I am thinking of doing that mod myself, a headlamp that is piercing, lasts a long time on batteries and uses regulation is too good to pass up. 
Here is the link to the Luxeon headlamp. 
http://elektrolumens.com/LS_HEADLAMP/LS_Headlamp.html


----------



## Mark_van_Gorkom (May 27, 2003)

BentHeadTX, that 5watt Luxeon with pencil beam seems just the ticket, except I'd want a white one (looks better next to the Lupine). Now if I can find someone who'll build me one that'll 
run of the Lupine accu (I'm NDG at fabricating things, and fairly hopeless at soldering /ubbthreads/images/graemlins/frown.gif ) 
And yes, a headlight is great for being seen, I use a Petzl Tikka myself, which is plenty bright enough at night (on fresh NiMHs) But maybe something a bit more GungHo would be usefull in daylight (I'm not a great believer in flags).


----------



## PhotonBoy (May 27, 2003)

I mounted an Elektrolumens Elektro Star headlamp on my bike by tie wrapping it to the mount for my old Cateye Halogen. *Much* better now!


----------



## BentHeadTX (May 28, 2003)

Mark,
You could get an Elektrolumens Blaster VI which looks like a 2D thick aluminum flashlight with a rather small head. It houses 6 AA batteries, the spot beam 30mm optics and a white 5 watt LED. That thing should be blinding! Let Wayne of Elektrolumens know what type of batteries you will be using so he can pick the correct resistor for the light. Here is the link http://elektrolumens.com/BLASTER/Blaster_II.html (hint: the smallest one is the Blaster VI)


----------



## Mark_van_Gorkom (Jun 5, 2003)

Benthead,
Had a look at the Elektrolumens site before, and really liked their lights, but I do think even a VI would be a bit large for a bike light. Plus I'm not sure I could get one in Europe.
(When I see American prices for lights, batteries and suchlike, I'd allmost get a bit envious!)
Anyway, just been to our yearly recumbent event, and now I want this:





And of course that needs PROPER lights too! It comes with a 12V battery, indicators, horn, and Sigma Mirage X lights; obviously the Sigma's need replacing...
Possibly an Lumicycle HID for main beam, and something LED-based for low beam (and a high mounted inca for signalling?)


----------



## Orion (Jun 5, 2003)

Actually, a 'pencil beam' would be less desirable because if you have to make a turn, you need a good amount of flood to see where you'll be going.

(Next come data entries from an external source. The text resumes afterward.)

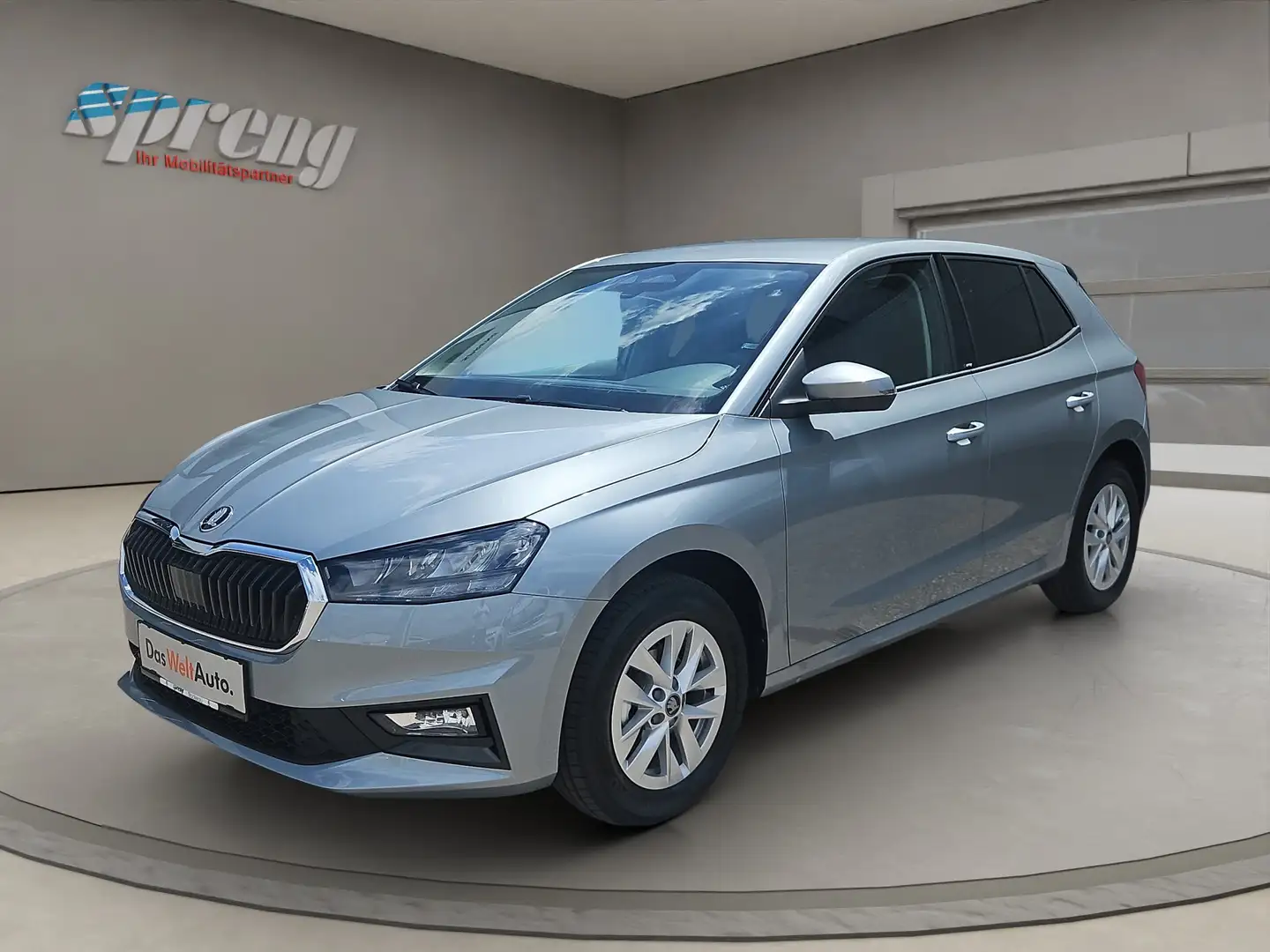 Skoda Fabia Essence - 95 PS - NEUWAGEN nur € 16.999,- - 1
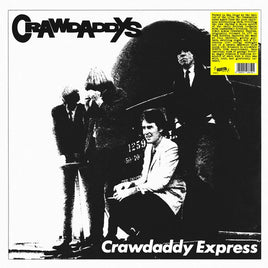 Crawdaddys Crawdaddy Express (Color Vinyl) [LP] - Vinyl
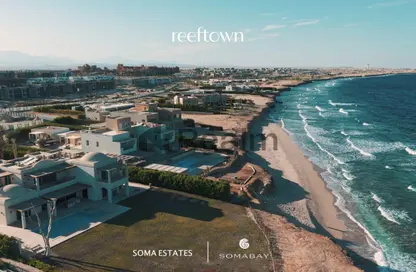 Chalet - 2 Bedrooms - 2 Bathrooms for sale in Mesca - Soma Bay - Safaga - Hurghada - Red Sea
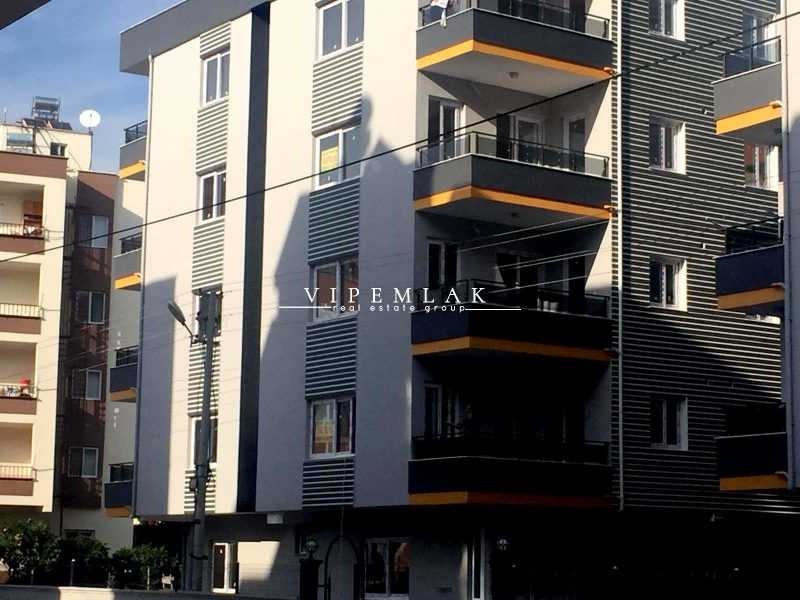 MERSİN ERDEMLİ ALATA MAH. 2+1 BAĞIMSIZ MUTFAK SATILIK DAİRE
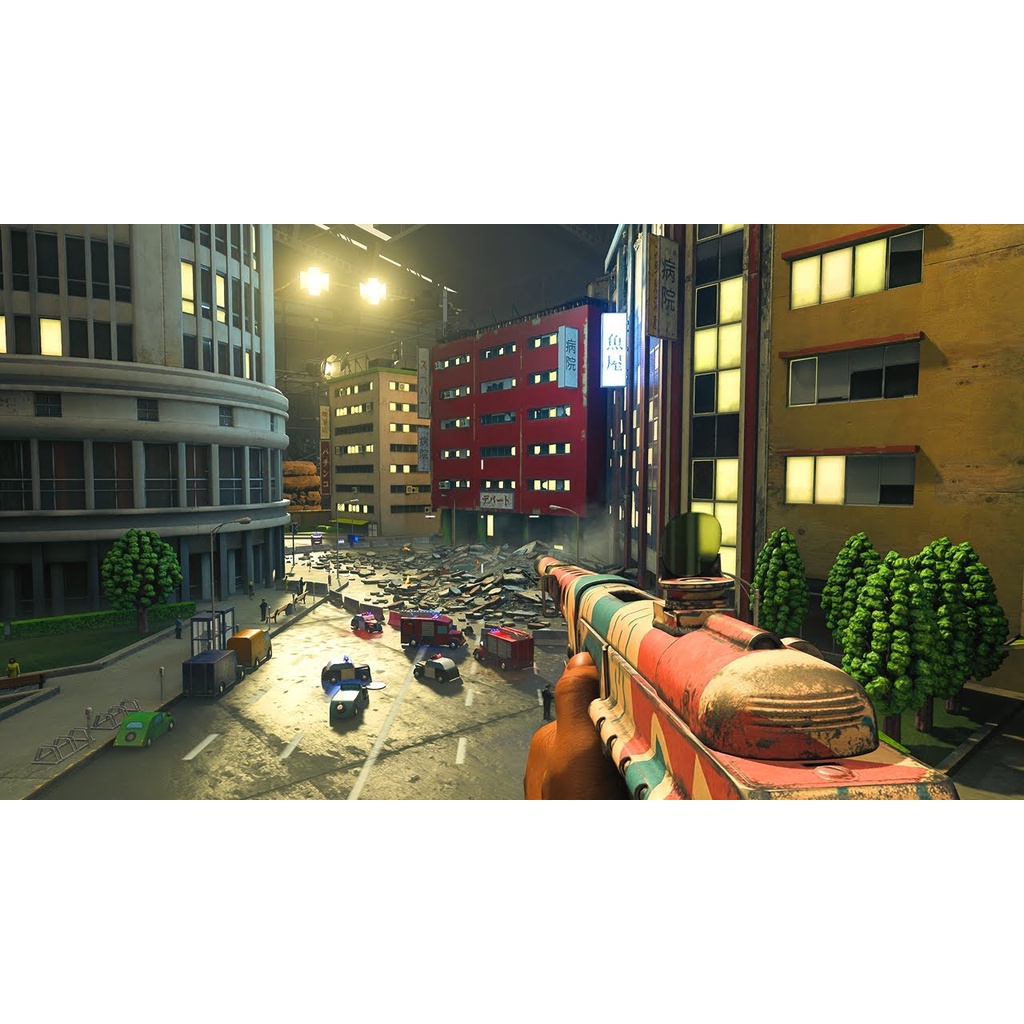 Đĩa Game PS5 Call of Duty: Vanguard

If you could have a spot and a flood, then you'd have a good setup. 

I currently have one of Elektrolumen's early 3 - 1 watt LS bike lights, and I could use a bit more flood myself!


----------



## Mark_van_Gorkom (Jun 5, 2003)

That was my idea too; a moderate-powered floodlight that would stay on from dawn to dusk (as much to be seen as to see by), and a high-powered spotlight for when things get really dark.


----------



## EMPOWERTORCH (Jun 6, 2003)

I Like the HPV! With a simple electric motor mod it could be an EV!
Has anyone come across a HID or LED converter for motor bike headlights? I think that my Lifan Prince would really stand out with some superbright white light sources in its spotlamps!


----------



## Mark_van_Gorkom (Jun 6, 2003)

You lazy *******! /ubbthreads/images/graemlins/grin.gif You may want to take a look at www.aerorider.com Kinda like an EV with auxiliary pedal-power. 
Bit heavy to pedal though.


----------



## BentHeadTX (Jun 6, 2003)

Orion,
My 5W Cyan LS is a pencil beam so I can see what is waaayyyy down the road with an LED. My helmet mounted light is more of a flood but I will be attempting to go with a S4 ranked Luxeon high dome and changing the optics. Yes, the optics will be a pencil beam because the light shines were I look. 
Elektrolumens showed a new prototype of a 3 LS bike light (3D batteries in a external battery pack) It uses 3 of his 30mm optics so that looks promising. It looks like a good year for cycling when it comes to LEDs. This winter will be much whiter and brighter!


----------



## Mark_Paulus (Sep 8, 2003)

Can anyone make any statements about the cateye HL-1500 vs the cateye HL-500II vs the Planet Bike 5000X? All seem to cost about the same. I'm thinking the Cateye's quick release system could be a positive feature for security (unclip it and throw it in the backpack). What I wonder is, using NiMH, which would be more favorable, the 500ii or the 1500??

Thanks.


----------



## Brock (Sep 8, 2003)

Ok, let's say I wanted to mount my E2/KL4 on my bike. What is a good way to do this. I tried attaching it to my old light, doesn't stay where I want it. There must be something better.


----------



## Orion (Sep 8, 2003)

BentHeadTX, I would think that a helmet mounted light would take care of the "seeing where I'm going for a turn" the best. Perhaps I should do something like that. 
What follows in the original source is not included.